I also thought the move back into the Bookworld was a good one. The outside world in this series is an interesting one, but it can't really compare with the stuff Fforde comes up with when he's describing what goes on iside books. I just loved to read about the detail of the whole thing: the way things work, the different genre districts and areas and what's in them (the dangerous mimefield in Comedy was priceless), the zones between them and the intergenre politics. Fforde is a brilliant satirist, and he had me laughing out loud as I recognised the reality behind his exaggeration. There was something completely new as well: the detail of what it means to be read, and what the characters need to do when that happens. Best of all, while the last book was a bit pseudo-jargon heavy and the technical details got a bit boring, that's never the case here.

Best of all: Fforde combines his brilliant world-building with a good, solid whodunnit, and that makes the whole work perfectly.

MY GRADE: A B.

5 comments:

Darlynne,  8 November 2012 at 23:14  

I enjoyed this book, too, and am always pleased to venture into the BookWorld. The evolution of the written Thursday was also very well done, which made the ending quite satisfying.

The Woman Who Died A Lot is also excellent and ties up some old loose ends.

Did you read Shades of Grey? It was a real departure for Fforde, primarily because while still quite clever, the subject was darker and almost post-apocalyptic. Apparently the second book has come out while I wasn't looking.

Rosario 9 November 2012 at 06:48  

Me, too, which is probably why my favourite in the series is The Well of Lost Plots! Good to hear the next one's good as well.

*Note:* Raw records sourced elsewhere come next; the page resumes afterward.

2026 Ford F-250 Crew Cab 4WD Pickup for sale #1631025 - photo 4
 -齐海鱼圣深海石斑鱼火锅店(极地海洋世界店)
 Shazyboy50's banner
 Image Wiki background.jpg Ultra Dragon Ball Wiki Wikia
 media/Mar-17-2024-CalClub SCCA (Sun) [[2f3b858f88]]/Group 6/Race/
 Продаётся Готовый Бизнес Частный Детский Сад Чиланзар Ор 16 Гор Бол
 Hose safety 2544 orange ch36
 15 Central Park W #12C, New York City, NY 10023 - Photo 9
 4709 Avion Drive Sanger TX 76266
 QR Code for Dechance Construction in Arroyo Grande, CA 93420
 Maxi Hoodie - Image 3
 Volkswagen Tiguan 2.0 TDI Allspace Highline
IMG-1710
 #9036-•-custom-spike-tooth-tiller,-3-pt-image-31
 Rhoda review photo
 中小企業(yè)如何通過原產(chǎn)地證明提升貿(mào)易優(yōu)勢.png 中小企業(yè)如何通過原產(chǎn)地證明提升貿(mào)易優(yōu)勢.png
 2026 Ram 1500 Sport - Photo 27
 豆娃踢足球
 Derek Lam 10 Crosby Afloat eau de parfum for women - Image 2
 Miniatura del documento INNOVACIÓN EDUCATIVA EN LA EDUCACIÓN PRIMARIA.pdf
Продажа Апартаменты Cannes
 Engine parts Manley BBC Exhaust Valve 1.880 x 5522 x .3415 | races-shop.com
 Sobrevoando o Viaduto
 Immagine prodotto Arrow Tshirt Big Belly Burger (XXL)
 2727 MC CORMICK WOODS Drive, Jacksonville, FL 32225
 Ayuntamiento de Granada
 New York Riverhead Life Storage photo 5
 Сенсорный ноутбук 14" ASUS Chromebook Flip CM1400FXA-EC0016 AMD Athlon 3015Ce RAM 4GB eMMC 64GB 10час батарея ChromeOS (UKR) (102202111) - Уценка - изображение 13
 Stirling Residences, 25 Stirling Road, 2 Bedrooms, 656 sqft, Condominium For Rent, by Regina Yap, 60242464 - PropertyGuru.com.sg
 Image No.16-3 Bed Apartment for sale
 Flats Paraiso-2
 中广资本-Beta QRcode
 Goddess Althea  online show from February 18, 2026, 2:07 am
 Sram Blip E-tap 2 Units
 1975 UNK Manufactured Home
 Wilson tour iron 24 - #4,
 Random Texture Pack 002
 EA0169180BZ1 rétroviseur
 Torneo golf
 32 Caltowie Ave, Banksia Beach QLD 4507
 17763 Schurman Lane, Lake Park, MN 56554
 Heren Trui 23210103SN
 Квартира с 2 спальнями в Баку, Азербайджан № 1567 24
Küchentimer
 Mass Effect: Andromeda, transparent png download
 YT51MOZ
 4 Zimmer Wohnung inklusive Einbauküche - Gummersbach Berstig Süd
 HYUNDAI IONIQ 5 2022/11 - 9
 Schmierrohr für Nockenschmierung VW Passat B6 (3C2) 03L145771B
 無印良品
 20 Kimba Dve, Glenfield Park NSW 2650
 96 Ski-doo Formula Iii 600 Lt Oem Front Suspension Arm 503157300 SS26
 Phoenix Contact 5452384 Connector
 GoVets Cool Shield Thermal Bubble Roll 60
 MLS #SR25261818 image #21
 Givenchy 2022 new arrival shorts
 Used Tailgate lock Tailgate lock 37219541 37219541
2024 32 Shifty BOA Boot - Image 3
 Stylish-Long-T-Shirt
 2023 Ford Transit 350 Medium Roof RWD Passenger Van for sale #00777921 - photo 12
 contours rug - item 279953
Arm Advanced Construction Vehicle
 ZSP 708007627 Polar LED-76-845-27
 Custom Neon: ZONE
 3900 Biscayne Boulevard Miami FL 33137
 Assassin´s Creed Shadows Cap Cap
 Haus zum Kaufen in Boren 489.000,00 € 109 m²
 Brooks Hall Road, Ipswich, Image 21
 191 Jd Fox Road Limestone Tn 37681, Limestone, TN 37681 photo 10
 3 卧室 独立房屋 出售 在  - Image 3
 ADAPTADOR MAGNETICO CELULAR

I did read Shades of Grey (prescient title or what? He must have had a tonne of accidental sales lately!), and I found it fascinating. I hadn't realised the new one was out, either. For some reason, no one seems to talk about his books in my usual haunts. Thanks for the news!

Darlynne,  9 November 2012 at 23:45  

The Well of Lost Plots is simply genius. I don't know how he does it, can never describe what he does to anyone and usually have to tell people to "just read it."

Marg 16 November 2012 at 02:02  

Once upon a time I used to read his books as soon as they came out. I think I am about 4 behind now. I still buy them all. It's the reading of them that I can't seem to get to.

Rosario 16 November 2012 at 07:16  

Marg: Isn't it funny how that happens? Yes, it's kind of the same for me lately.